Do you ever wonder how much rainfall you received from a recent
thunderstorm? How about snowfall during a winter storm? If so, then a
new volunteer weather observing program needs your help!
The Community Collaborative Rain, Hail, and Snow network, or CoCoRaHS,
is looking for new volunteers across Eastern North Carolina. The
grassroots effort is part of a growing national network of home-based
and amateur rain spotters with a goal of providing a high density
precipitation network that will supplement existing observations.
CoCoRaHS came about as a result of a devastating flash flood that hit
Fort Collins, Colo., in July, 1997. A local severe thunderstorm dumped
over a foot of rain in several hours while other portions of the city
had only modest rainfall. The ensuing flood caught many by surprise and
caused $200 million in damages.
CoCoRaHS was born in 1998 with the intent of doing a better job of
mapping and reporting intense storms. As more volunteers participated,
rain, hail, and snow maps were produced for every storm showing
fascinating local patterns that were of great interest to scientists
and the public.
North Carolina became the 21st state to establish the CoCoRaHS program
in 2007, and by 2010, the CoCoRaHS network had reached all 50 states
with 8,000 to 10,000 observations being reported each day.
Through CoCoRaHS, thousands of volunteers, young and old,
document the size, intensity, duration and patterns of rain, hail and
snow by taking simple measurements in their own backyards.
Volunteers may obtain an official rain gauge through the CoCoRaHS
) for about $27 plus shipping.
Besides the need for an official 4-inch plastic rain gauge, volunteers
are required to take a simple training module online and use the
CoCoRaHS website to submit their reports. Observations are immediately
available on maps and reports for the public to view.

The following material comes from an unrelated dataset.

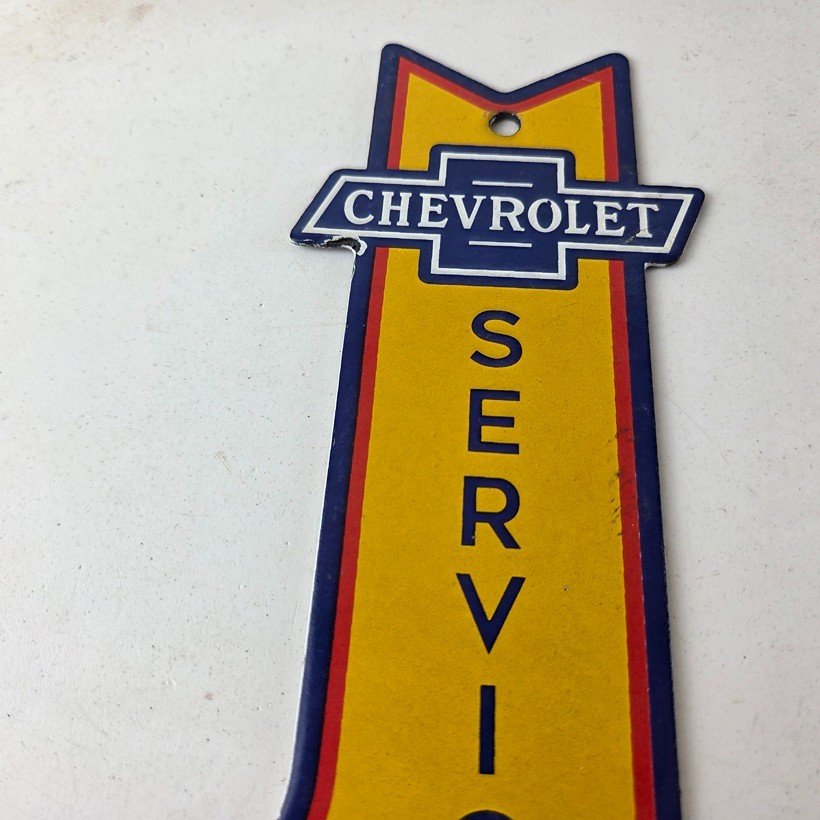 Vintage Chevrolet Sign - Porcelain Service Arrow Gas Oil Pump Chevy Garage Sign - Image 3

The process takes only five minutes a day, but the impact to the
community is tenfold. By providing high quality, accurate measurements,
the observers are able to supplement existing networks and provide
useful results to scientists, resource managers, decision makers, and
“North Carolina has the most complex climate in the eastern U.S.,” said
Ryan Boyles, state climatologist and director of the State Climate
Office, based at North Carolina State University. “Data
from CoCoRaHS volunteers are very important in better understanding
local weather and climate patterns.”
“An additional benefit of the program to the National Weather Service
is the ability to receive timely reports of significant weather (hail,
intense rainfall, localized flooding) from CoCoRaHS observers that can
assist forecasters in issuing and verifying warnings for severe
thunderstorms,” says David Glenn, CoCoRaHS state coordinator and
meteorologist with the National Weather Service in Newport/Morehead
How does one become a CoCoRaHS observer?
Go to the CoCoRaHS website and click on the “Join CoCoRaHS” emblem on
the upper right side of the main website. After registering,
the simple online training, order your 4-inch rain gauge and start
“We are in need of new observers across the entire state. We would like
to emphasize rural locations and areas near the coast, especially on
barrier islands,” added Glenn.
To watch a short video on the CoCoRaHS program, go to http://youtu.be/M5-XXg9M30.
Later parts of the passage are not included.